**Task description**
Your answer must be the exact lines below, starting with the line with "Media language, that's" and going on through the line with "Right now in", both included, with no pictures.

**Task input**
========

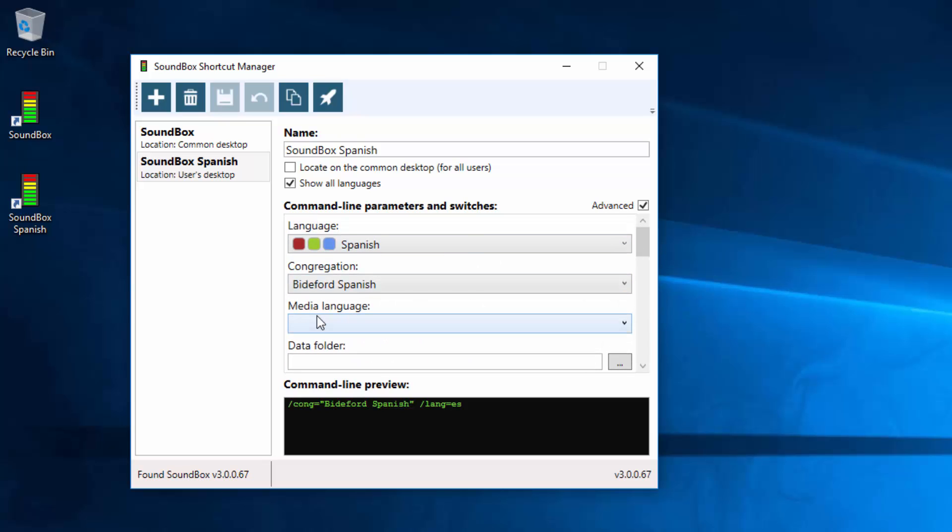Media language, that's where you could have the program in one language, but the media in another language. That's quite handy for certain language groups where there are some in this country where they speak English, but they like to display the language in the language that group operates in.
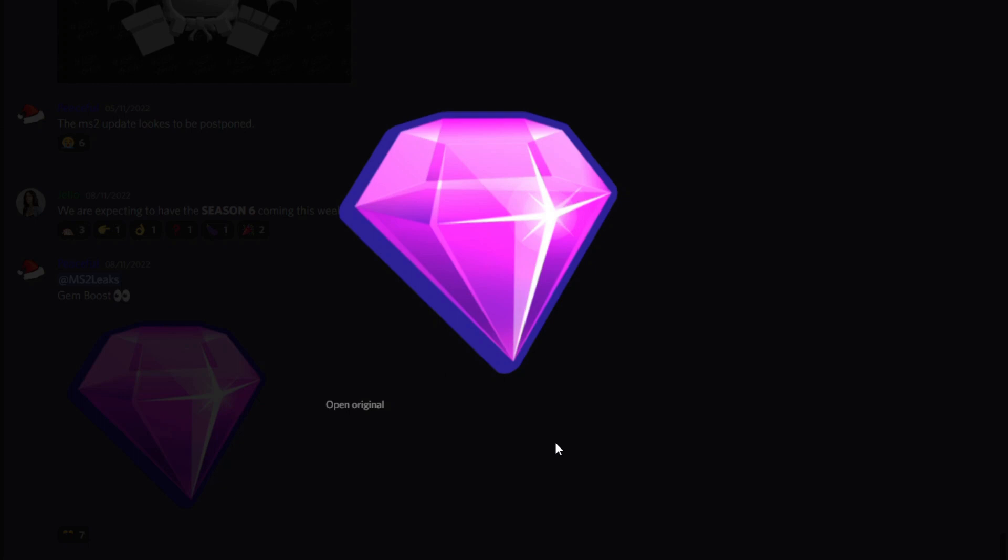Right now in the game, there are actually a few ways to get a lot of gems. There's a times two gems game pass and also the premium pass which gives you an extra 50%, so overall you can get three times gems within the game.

========

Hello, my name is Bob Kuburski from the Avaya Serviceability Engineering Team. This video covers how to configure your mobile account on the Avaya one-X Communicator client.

========

**Worked solution**
Media language, that's where you could have the program in one language, but the media in another language. That's quite handy for certain language groups where there are some in this country where they speak English, but they like to display the language in the language that group operates in.
Right now in the game, there are actually a few ways to get a lot of gems. There's a times two gems game pass and also the premium pass which gives you an extra 50%, so overall you can get three times gems within the game.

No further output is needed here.